We are allowed or required to share your information in other ways – usually in ways that contribute to the public good, such as public health and research. We must meet many conditions in the law before we can share your information for these purposes. For more information see: https://www.hhs.gov/hipaa/for-individuals/guidance-materials-for-consumers/index.html

Help with public health and safety issues

• We can share health information about you for certain situations such as:

• Preventing disease

• Helping with product recalls

• Reporting adverse reactions to medications

• Reporting suspected abuse, neglect, or domestic violence

• Preventing or reducing a serious threat to anyone’s health or safety

Do research

• We can use or share your information for health research. We do not participate in any research at this time.

Comply with the law

• We will share information about you if state or federal laws require it, including with the Department of Health and Human Services if it wants to see that we’re complying with federal privacy law.

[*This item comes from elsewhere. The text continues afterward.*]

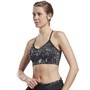 Reebok Womens Workout Ready Light Support Printed Padded Sports Bra Black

Respond to organ and tissue donation requests

• We can share health information about you with organ procurement organizations. Work with a medical examiner or funeral director

• We can share health information with a coroner, medical examiner, or funeral director when an individual dies.

Address workers’ compensation, law enforcement, and other government requests

• We can use or share health information about you:

• For workers’ compensation claims

• For law enforcement purposes or with a law enforcement official

• With health oversight agencies for activities authorized by law

• For special government functions such as military, national security, and presidential protective services

Respond to lawsuits and legal actions

• We can share health information about you in response to a court or administrative order, or in response to a subpoena.

Our Responsibilities

• We are required by law to maintain the privacy and security of your protected health information.

• We will let you know promptly if a breach occurs that may have compromised the privacy or security of your information.

• We must follow the duties and privacy practices described in this notice and give you a copy of it.

• We will not use or share your information other than as described here unless you tell us we can in writing. If you tell us we can, you may change your mind at any time. Let us know in writing if you change your mind.
For more information see: www.hhs.gov/ocr/privacy/hipaa/understanding/consumers/noticepp.html.

Changes to the Terms of This Notice

We can change the terms of this notice, and the changes will apply to all information we have about you. The new notice will be available upon request, in our office, and on our web site.